Oben angekommen treffen wir eine Aktivistin aus Bayern. Sie ist erst vor vier Tagen in den Forst gezogen. Sie erklärt uns, dass sie schon lange vor hatte diesen Schritt zu wagen, sich aber nie getraut hat. Sie hat Höhenangst so wie ich. Während wir auf der oberen Plattform sitzen, merke ich, dass ich mich bereits an die Höhe gewöhnt habe. Der Gedanke an die Traversen und den augenscheinlich ungesicherten Aufstieg bereiten mir allerdings immer noch Schwindelgefühle.
Wir verabschieden uns und kehren wieder ins Camp zurück.
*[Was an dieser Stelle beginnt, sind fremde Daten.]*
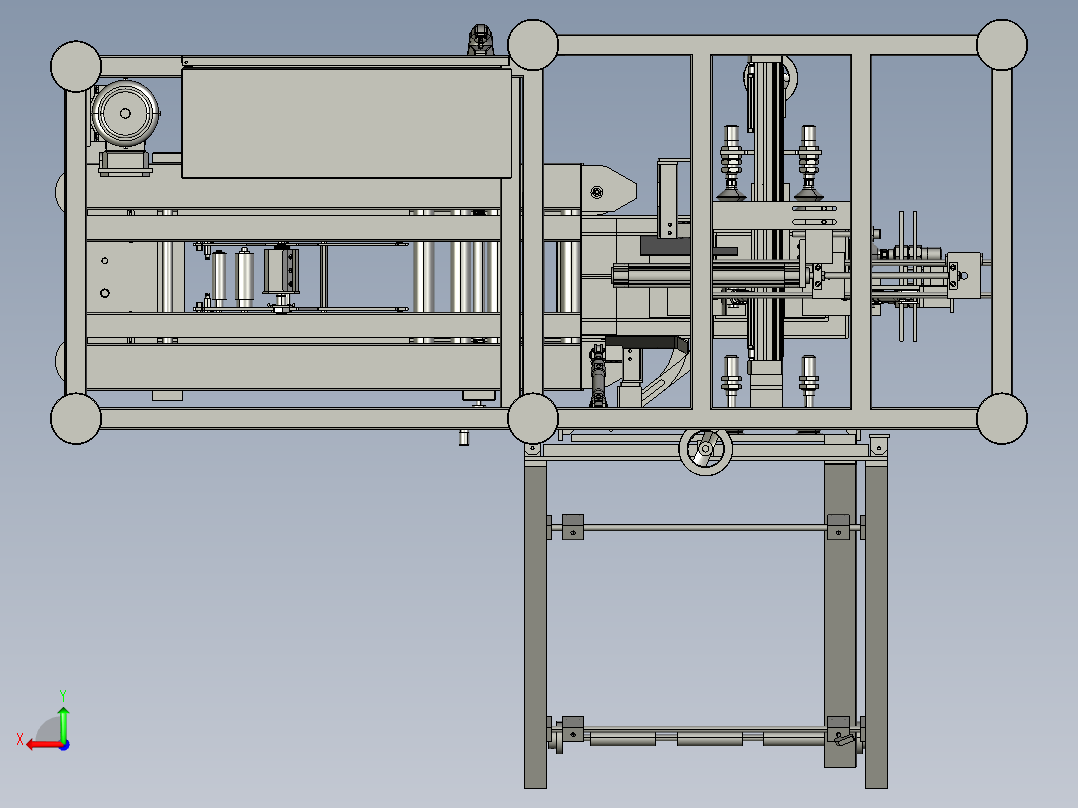 自动折箱机后视图
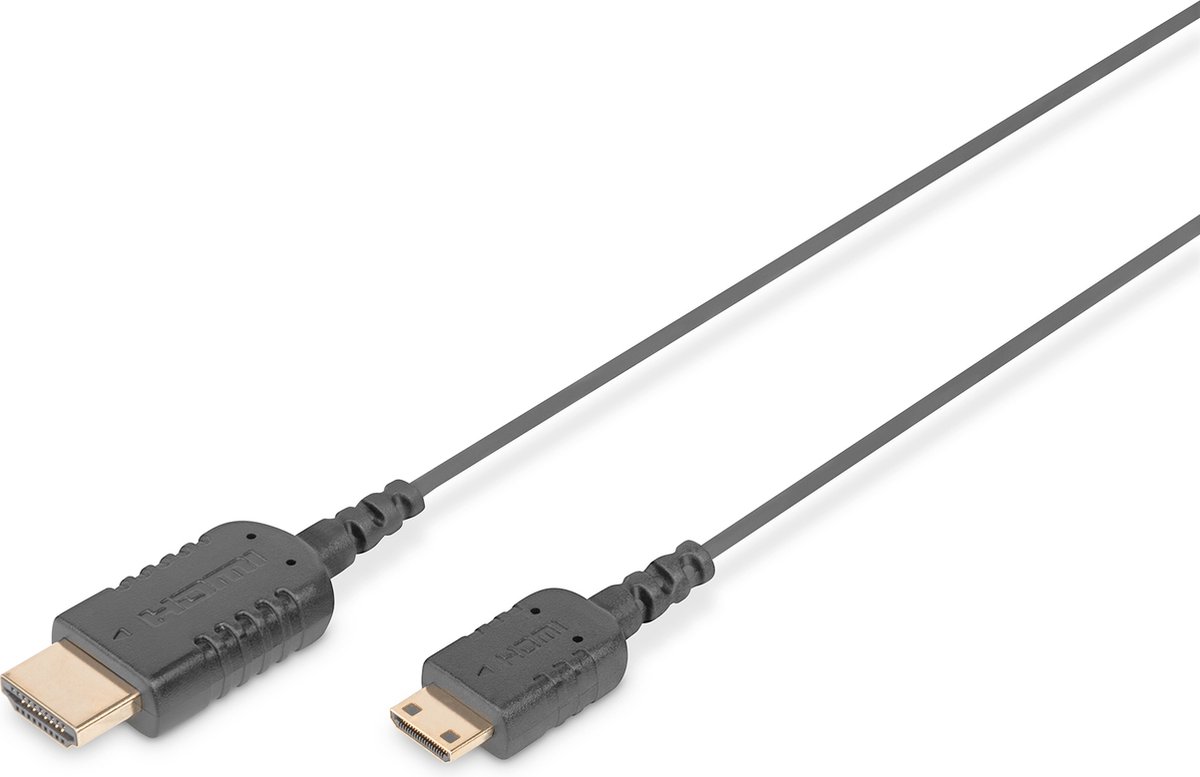 HDMI kabel 2 meter HDMI Type C (Mini) Zwart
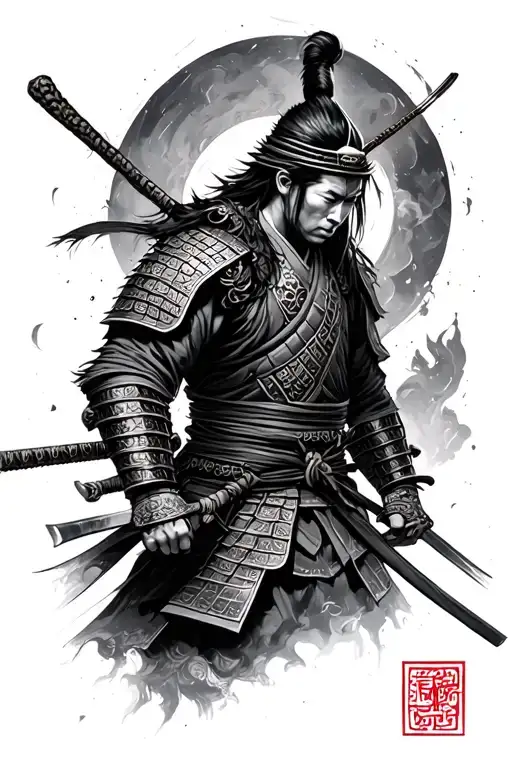 Samurai Lone Fighter Human Fantasy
Es ist der letzte gemeinsame Abend für mich und meine Bezugsgruppe. Nur die Kleingruppenaktionen von „Zucker im Tank“ sollen noch für die nächsten Tage andauern.
Bei einem abschließenden Plenum werden die Ereignisse der letzten Tage noch einmal reflektiert. Wir haben zwar nicht, wie letztes Jahr in der Lausitz, über drei Tage die komplette Infrastruktur des Reviers lahmgelegt und somit für einen totalen Einbruch der Kraftwerkleistungen erwirkt, dennoch haben wir das Revier und RWE aufgemischt. Wir haben immer und immer wieder für den Stillstand der Bagger in allen drei Gruben gesorgt und bei den Kohlebahnen für eine beachtliche Menge an Ausfällen und Verspätung gesorgt. Wir haben viele Menschen an die Gesa verloren und jede*n einzelne*n von ihnen wieder im Camp begrüßen können. Wir sind RWE und der Polizei ordentlich auf der Nase herumgetanzt und wir hatten alle Spaß dabei. Und auch wenn das Auseinandergehen schwer fällt: Wir sehen uns alle im November wieder.